Thinking Like a Network

February 9, 2016 1 Comment

“Long term prosperity is primarily a function of healthy human webs.”

– Sally J. Goerner


Over the past several years of supporting self-declared “networks” for social change, we at IISC have been constantly evolving our understanding of what is new and different when we call something a network, versus say a coalition, collaborative or alliance. On the surface, much can look the same, and one might also say that coalitions, collaboratives and alliances are simply different forms of networks. Yes, and . . . we believe that what can make a big difference is when participants in a network (or an organization, for that matter) embrace new ways of seeing, thinking, and doing. So let us propose here that network approaches at their best call on people to lead with some of the following:

Adaptability instead of control

Thinking in networks means leading with an interest in adaptation over time. Given the complexity of the situations we are often called to help address, it is difficult for any actor or “leader” to know exactly what must be done, much less keep a diverse and decentralized social structure moving in lockstep. Iterative design and adaptive strategy serve us better.

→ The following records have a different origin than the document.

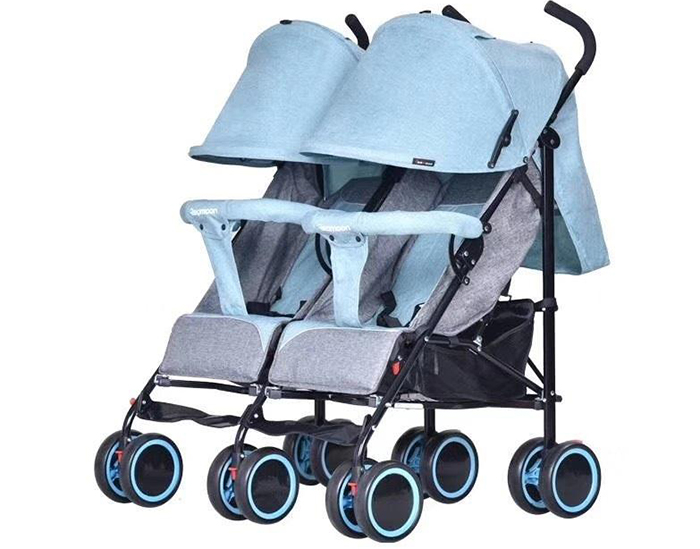 Xe đẩy đôi Reamoon 205T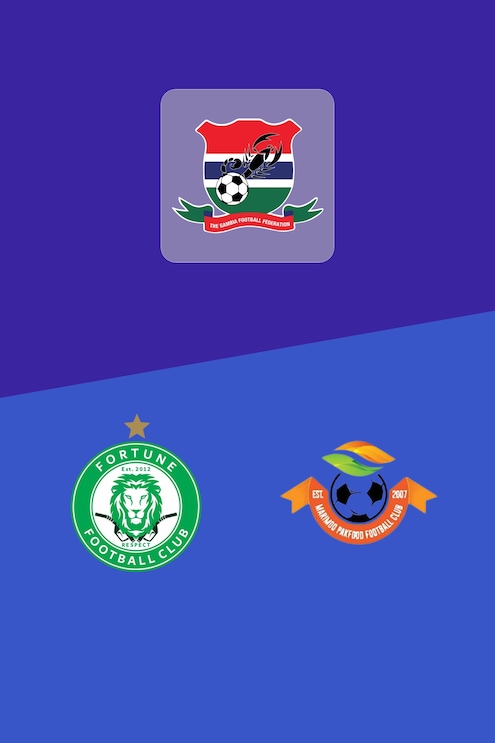 Fortune - Marimoo | GFF League 2024/25 | Match completo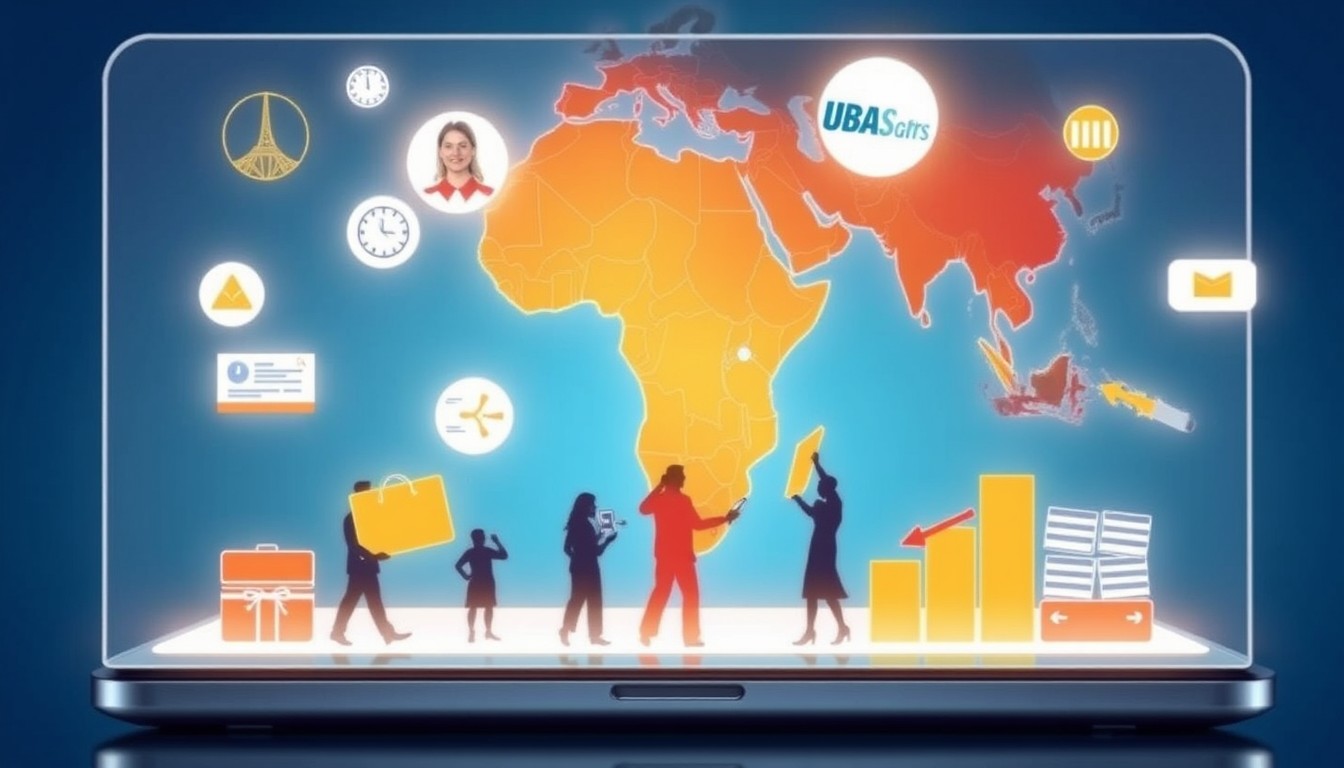 African E-Commerce Firms Merge to Expand Across the Continent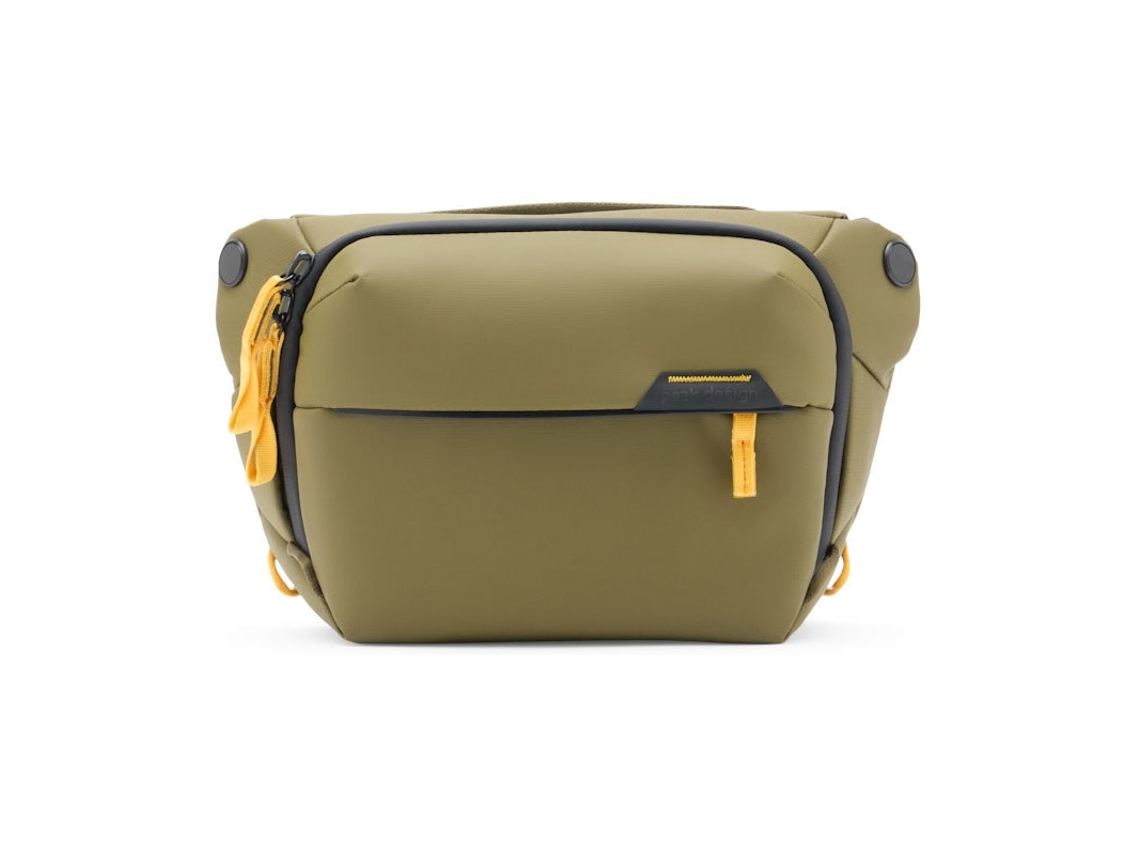 Mochila Peak Design Everyday Sling de 3 l Kelp - Camas-3-kp-3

Contribution before credentials

You may have heard the story about the custodial staff person who anonymously submitted his idea for a new shoe design during a company-wide contest, and won. “Expertise” and seniority can serve as a bottle neck and buzz kill in many organizations, where ego gets in the way of excellence. If we are looking for new and better thinking, it should not matter from whence it comes.


Resilience and redundancy instead of rock stardom

You see it on sports teams all the time. When the star player goes down, so goes the team. Resilient networks are built upon redundancy of function and a richness of interconnections, so that if one node goes away, the network can adjust and continue its work.

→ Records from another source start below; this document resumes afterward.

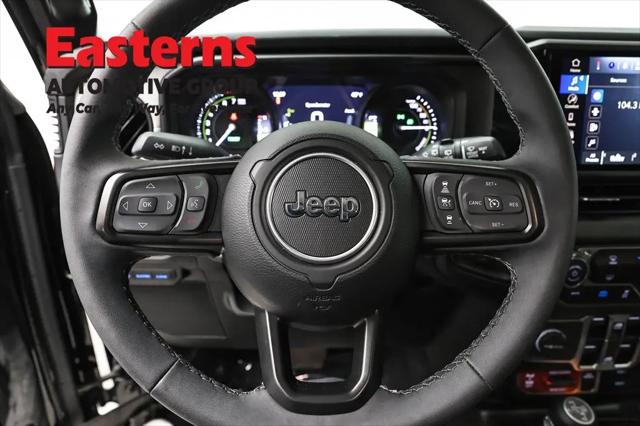 2025 Jeep Wrangler 4xe Willys 4xe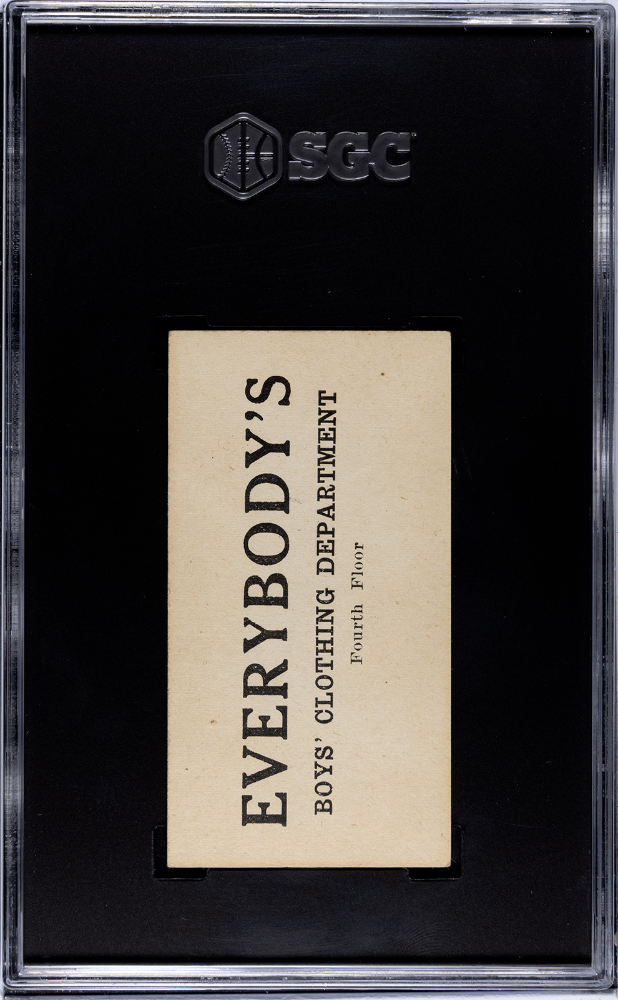 1916 Everybody's Oliver O'mara #134 Type SGC 5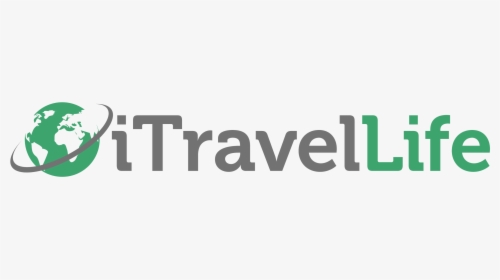 Itravel Life - Travel Life Logo Png, Transparent Png, Free Download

Diversity and divergence rather than the usual suspects and forced agreement

New thinking comes from the meeting of different fields, experience, and perspectives. Preaching to the choir gets us the same old (and tired) hymn. Furthermore, innovation is not a result of dictating or choosing from what is, but expanding options, moving from convergent (and what often passes for strategic) thinking to “design thinking.” And network action is not simply about collaboration, but cooperation and parallel play.

Intricacy and flow not bottlenecks and hoarding

Networks are key to supporting life and liveliness – life is after all a network. A constant threat to aliveness is rigidity, hoarding and exclusion. Economically we are seeing plenty of evidence of this, pushing us towards what Jane Jacobs once called socio-economic “necrosis.” With hyper-concentration of resources, patterns of exclusion and growing inequality, we see the entire system put at risk. The antidote is robust, diversified local networks that are connected to other such networks, which are collectively able to move resources of many kinds fluidly from and to all parts of the social body.

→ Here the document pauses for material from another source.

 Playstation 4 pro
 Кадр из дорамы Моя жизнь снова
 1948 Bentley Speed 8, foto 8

Keep reaching out, keep interconnecting, keep things flowing. 

Self-organization and emergence rather than permission and the pursuit of perfection

As with any complex living system, when a group of people comes together, we cannot always know what it is that they will create. The whole is greater than the sum of the parts. Vying for the predictable means short-changing ourselves of new possibilities, one of the great promises of networks. Furthermore, network effects and change stem from many different experiments rather than looking for the single best answer.

Shift focus from core to the periphery

As living entities, networks are defined by the nature and quality of their edges. The core of the network tends to be made up of those who are most connected to others in the network, as well as interested in and engaged in the work (albeit in some cases through exclusionary dynamics of power and privilege). Those on the edge, or periphery, may be less connected and engaged, and also bring considerable strength, to the extent that they provide lessons about adaptation, a willingness and ability to play in different spaces, and have connections to other important domains. In many cases, there is strength in following the lead of the margins. As IISC’s Ceasar McDowell says:

“If you take a tent and you stake it far out at the margins … the middle is always covered. And the further out you stake it the stronger the structure you get. And why is that? Because in our systems and our social systems the people at the margins are actually living with the failures of the systems. And they are creating adaptive solutions to them. So when we design to take care of them we build stronger systems for everyone.”

What might the integration of these principles do to the way you lead and do your work? What opportunities and outcomes might be created?